Continuing the discussion, Dr. Safdar A. Sohail, Executive Director, CPEC Center of Excellence, PIDE-Planning Commission, said that the socioeconomic impact of CPEC is the most widely and wildly discussed issue in recent days on all the platforms. He said that the CPEC in its current manifestation would go up till 2030 but it would continue after that as a part of the long term plan. Mr. Nasir Afghan, Director MBA Program IBA, who was the final speaker of the session, said that spatial framework of China involves national to city and district level planning and we also need to look into it. He said that existing industrial parks in Pakistan are not performing well. He said that all national sector plans are needed to be aligned to CPEC.

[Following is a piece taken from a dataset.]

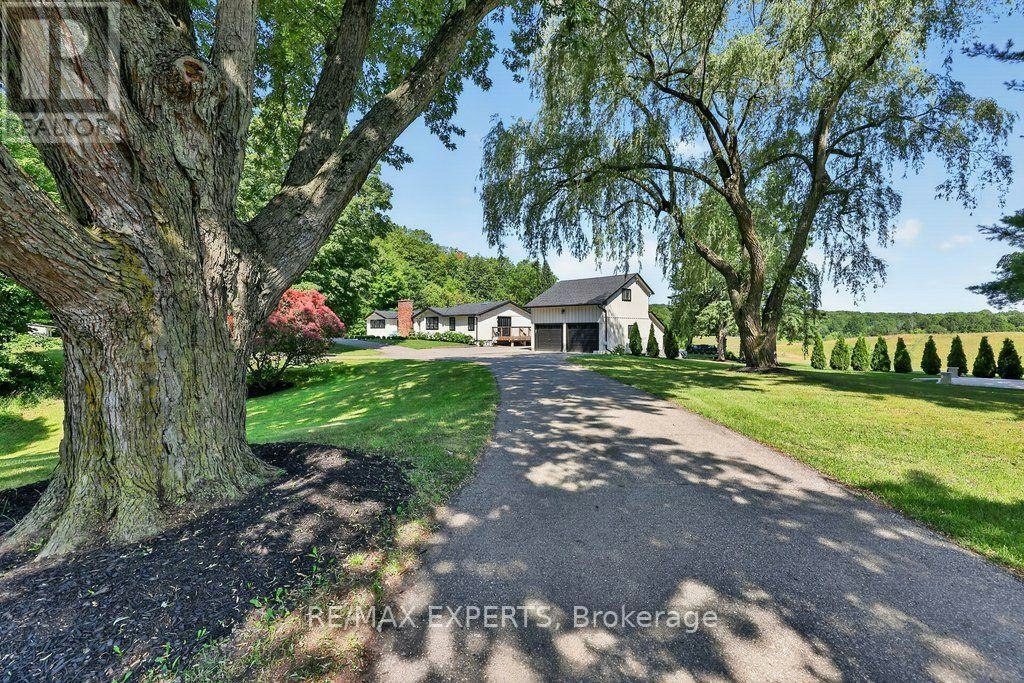 5502 16th Side Road, King, ON, L0G 1T0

The second panel discussion was on the theme of “Challenges in the Agriculture Sector and Role of CPEC”. The session was chaired by Mr. Muhammad Abid Javed, Secretary Ministry of National Food Security and Research, Government of Pakistan. Commenting on the theme, Mr. Shujaat Ali, Additional Secretary Finance, Government of Pakistan, said that the interest in agriculture in policy and research has declined rapidly. The second speaker on the occasion was Professor Steve Davies of IFPRI. He said that fertilizers yield has gotten worse for cotton and wheat since 1980s and the fertilizer industry is highly subsidized. He said that the best agriculture policy would be to remove subsidies and increase R&D expenditures. It will increase government revenues and increase production. He further said that Bhasha Dam initiative is a positive step and the combination of Bhasha Dam and water course line will positively affect water supply in future. Expressing his views on the topic, Dr. Paul Dorosh said that only large farmers, who sell wheat to the Government, benefit from current wheat policy. He said that the Government faces financial loss of Rs. 4.5 billion every year due to subsidy and wheat procurement. Dr. Dorosh said that per-unit subsidy could be reduced by raising the release price and reducing subsidy to flour mills. The amount saved could be used for irrigation and other purposes. At the end of the session, the book titled “Agriculture and Rural Economy in Pakistan: Issues, Outlooks, and Policy Priorities”, edited by David J. Spielman, Sohail J. Malik, Paul Dorosh, and Nuzhat Ahmad, was launched. The book is published for IFPRI, Washington, D.C., USA.

Earlier, some interesting papers were presented in technical sessions. In a paper on CPEC and Regional Integration, the author said that the analysis of Trans-Asian Pipeline Network shows the importance of CPEC. Afghanistan can be an effective connecting point but it does not have infrastructure and there is also a problem of security. Analyzing the use of renewable energy in China and its possible spillover effects for Pakistan, another paper showed that in China there has been a shift from hydro energy to wind and solar energy. Since FDI has spillover effects, investment in CPEC related projects in Pakistan will help it to adopt renewable energy. Therefore, policies should facilitate the transfer of tacit knowhow of renewable energy generation. Using transitional analysis, a paper showed that regional integration will increase 13 percent per year due to CPEC and related projects. As per statistics given in another paper on infrastructure development and regional integration, nearly 20 percent of GDP will be invested through FDI by China. The CPEC will also improve the integral physical infrastructure for the development of the whole region, the paper argued.

The three-day long Conference was attended by a large number of social scientists, researchers, faculty members from universities across Pakistan, students, policymakers and Government functionaries. The Conference was organized by the Pakistan Institute of Development Economics (PIDE), with the support of Ministry of Planning, Development and Reform. Other sponsors of the AGM/Conference include UNDP, FES, the World Bank, PPAF, OXFAM, IGC, ILO, IUCN, AKRSP, IFPRI, ADB, and ECO-SF.